2 şehir için, bırakın lig konumlarını amaçlarını pozisyonlarını, tarihsel açıdan bile her zaman büyük kaosla ve çekişmeyle geçen maçlardır. bu maç da yüksek ihtimal öyle geçecektir.
tarihi geriye sarıyoruz. türk futbol tarihinin, samsunspor otobüsünün kaza yapmasıyla birlikte en acı verici olaylarından biridir.
17 eylül 1967'de henüz ikisi 2.lig de olan bu iki takım birbiriyle kayseride karşılacaktır. komşu il olması nedeniyle sivas taraftarı da takımını yalnız bırakmayıp otobüslerle, minibüslerle akın akın kayseriye gitmektedir. maç öncesi gergin bir hava vardır, kayserililer maç öncesinde sivaslıların taşkınlık yaptığını, yemek tüketim malzemelerinden sonra ücret ödemediklerini, klasik bir ingiliz holiganı benzetmesi yapmaktadır. sivaslılar ise maç öncesinde kayserililerin sebepsiz saldırılarına maruz kaldıklarını belirtmektedir.

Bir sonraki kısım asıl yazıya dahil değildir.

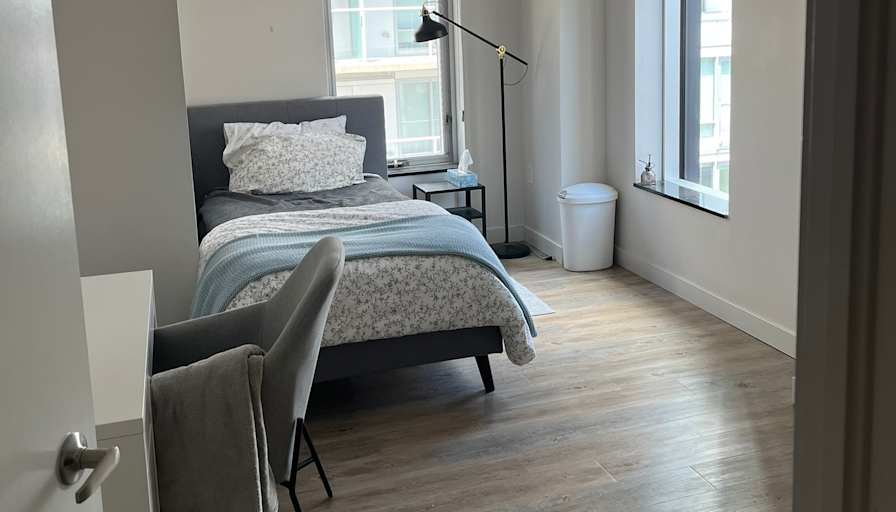 Anna's room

maç bu şartlarda gergin koşullarda başlar. ilk dakikaları sözel atışmalar ile geçer. tartışmalar alevlendikçe, şiddetin dozu artar, önce küfürleşme başlar sonra taşlı saldırılar. bunlar olduğu esnada ilk yarı biter ancak kavgalar alevlenmişken ortaya çılgın bir iddaa (gerçek mi bilmiyoruz) atılır. 2 kayserili çocuğun arbede ve kargaşada ezilerek öldüğü söylenir, bu tartışamaların fitilini ateşler, taş sopa ve kesici aletler ile iki taraf arasında kavgalar başlar.
gün sonunda 43 kişi ölmüş, 600'den fazla kişi yaralanmış, kayseride bulunan sivaslıların ve sivasta bulunan kayserililerin dükkanları saldırıya uğramıştır. siyasi ya da bir provokasyon iddası olup olmadığı hala komplo teorilerindedir. türkiyenin
hillsborough faciasıdır. sivaslı arkadaşımın deyimiyle, kayseri-sivas savaşlarıdır.